What is the tax rate on oil royalties?
From the standpoint of federal income taxes, oil royalties are taxed as ordinary income with a taxable rate of as high as 39.6% (plus a 3.8% Obamacare add on) depending on your taxable income level. If you sell your royalties and have owned them for more than a year the net proceeds are taxed as long-term capital gains which is currently at 20%. If you live in a state which has a state income you must also pay the applicable percentage in state income tax which can be as high as 10% depending on the state you reside in. Many states also charge a severance tax and can be as high as 12.5% of fair market value depending on which state the property is located. Lastly, in many states the county where the property is located charges you with 'ad valorem' or property tax which averages about 5% of fair market value dependent on the county and state that the property is located.
How do I know that I am being paid the correct percentage on my royalty checks?

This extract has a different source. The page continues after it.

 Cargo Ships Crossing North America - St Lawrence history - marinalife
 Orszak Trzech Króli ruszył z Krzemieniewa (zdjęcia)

Oil and gas companies typically hire an Attorney to prepare a division order title opinion once they have determined that a well that they have drilled is a producer. The Attorney starts with the information on the drilling title opinion and orders a supplemental abstract and from those determines the ownership of the various working interest owners, overriding royalty owners, and mineral and royalty owners. This division order title opinion (DOTO) is then the basis for the division orders the owners will receive that, once signed and returned causes the owner to be placed in pay status. So, how do you know that the percentage attributed to you on the division order is correct? In the most simplistic form, if you know the gross acreage in the producing unit or proration unit, your net mineral acreage, and the royalty on your oil and gas lease you can calculate your ownership. Let’s say for instance that the drilling unit is 640 acres, you own 10 mineral acres in the unit, and your lease was for a 3/16ths royalty.
The calculation would be as follows: 10/640 x .1875= .0029296
Should you not know the net and gross acreage and/or royalty percentage on the lease you are subject to, contact the company that forwarded the division order to you and ask them for the background information inherent to the calculation. The last option would be to run the county records in the courthouse yourself to confirm your ownership. This can be done in the County Clerk’s office or Register of Deeds. Though the decimal percentage on the division order is usually correct, mistakes do happen. Once you sign the division order most absolve the payer of any discrepancies so do your research before you send the division order back to the company.